[[ Available records open ]]
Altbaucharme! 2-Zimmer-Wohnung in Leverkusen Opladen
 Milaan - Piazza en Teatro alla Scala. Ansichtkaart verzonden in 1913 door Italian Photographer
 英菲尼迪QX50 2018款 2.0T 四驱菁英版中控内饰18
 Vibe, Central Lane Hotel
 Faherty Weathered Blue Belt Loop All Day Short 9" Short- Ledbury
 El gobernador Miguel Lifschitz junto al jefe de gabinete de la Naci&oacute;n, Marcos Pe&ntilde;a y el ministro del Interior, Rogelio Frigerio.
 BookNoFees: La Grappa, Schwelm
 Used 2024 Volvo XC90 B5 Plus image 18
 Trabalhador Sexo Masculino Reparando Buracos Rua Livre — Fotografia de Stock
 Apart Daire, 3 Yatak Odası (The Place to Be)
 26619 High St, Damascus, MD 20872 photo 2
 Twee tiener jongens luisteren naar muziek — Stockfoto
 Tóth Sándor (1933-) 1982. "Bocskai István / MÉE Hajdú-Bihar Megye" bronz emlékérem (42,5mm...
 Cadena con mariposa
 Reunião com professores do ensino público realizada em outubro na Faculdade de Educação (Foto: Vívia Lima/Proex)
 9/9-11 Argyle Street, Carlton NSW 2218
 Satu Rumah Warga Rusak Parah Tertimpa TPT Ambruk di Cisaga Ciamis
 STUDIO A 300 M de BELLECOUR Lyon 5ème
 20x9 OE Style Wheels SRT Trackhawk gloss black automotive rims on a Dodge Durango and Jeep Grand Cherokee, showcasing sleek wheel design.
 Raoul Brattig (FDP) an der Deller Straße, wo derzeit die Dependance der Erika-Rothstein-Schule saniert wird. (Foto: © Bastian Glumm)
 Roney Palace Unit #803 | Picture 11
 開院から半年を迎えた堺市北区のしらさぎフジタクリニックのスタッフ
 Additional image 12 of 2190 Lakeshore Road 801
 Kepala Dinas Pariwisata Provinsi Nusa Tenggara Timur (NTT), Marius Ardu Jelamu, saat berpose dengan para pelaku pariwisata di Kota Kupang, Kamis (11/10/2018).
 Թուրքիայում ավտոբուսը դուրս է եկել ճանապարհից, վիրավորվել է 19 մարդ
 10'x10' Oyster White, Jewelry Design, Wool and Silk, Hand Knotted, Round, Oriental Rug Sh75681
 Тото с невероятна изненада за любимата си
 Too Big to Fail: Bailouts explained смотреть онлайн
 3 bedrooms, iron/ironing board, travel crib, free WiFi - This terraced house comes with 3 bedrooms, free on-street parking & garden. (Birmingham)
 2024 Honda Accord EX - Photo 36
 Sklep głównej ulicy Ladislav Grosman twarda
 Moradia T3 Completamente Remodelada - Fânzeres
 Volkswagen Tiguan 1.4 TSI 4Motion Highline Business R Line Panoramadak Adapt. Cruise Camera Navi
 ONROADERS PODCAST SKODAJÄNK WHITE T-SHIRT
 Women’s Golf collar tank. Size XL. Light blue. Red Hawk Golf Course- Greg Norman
[[ Available records closed ]]
Aim of the exercise: All that should be written out is the stretch of lines above between the one holding "Additional image 12" and the one holding "Volkswagen Tiguan 1.4", inclusive, exactly as given.

Completed task:
 Additional image 12 of 2190 Lakeshore Road 801
 Kepala Dinas Pariwisata Provinsi Nusa Tenggara Timur (NTT), Marius Ardu Jelamu, saat berpose dengan para pelaku pariwisata di Kota Kupang, Kamis (11/10/2018).
 Թուրքիայում ավտոբուսը դուրս է եկել ճանապարհից, վիրավորվել է 19 մարդ
 10'x10' Oyster White, Jewelry Design, Wool and Silk, Hand Knotted, Round, Oriental Rug Sh75681
 Тото с невероятна изненада за любимата си
 Too Big to Fail: Bailouts explained смотреть онлайн
 3 bedrooms, iron/ironing board, travel crib, free WiFi - This terraced house comes with 3 bedrooms, free on-street parking & garden. (Birmingham)
 2024 Honda Accord EX - Photo 36
 Sklep głównej ulicy Ladislav Grosman twarda
 Moradia T3 Completamente Remodelada - Fânzeres
 Volkswagen Tiguan 1.4 TSI 4Motion Highline Business R Line Panoramadak Adapt. Cruise Camera Navi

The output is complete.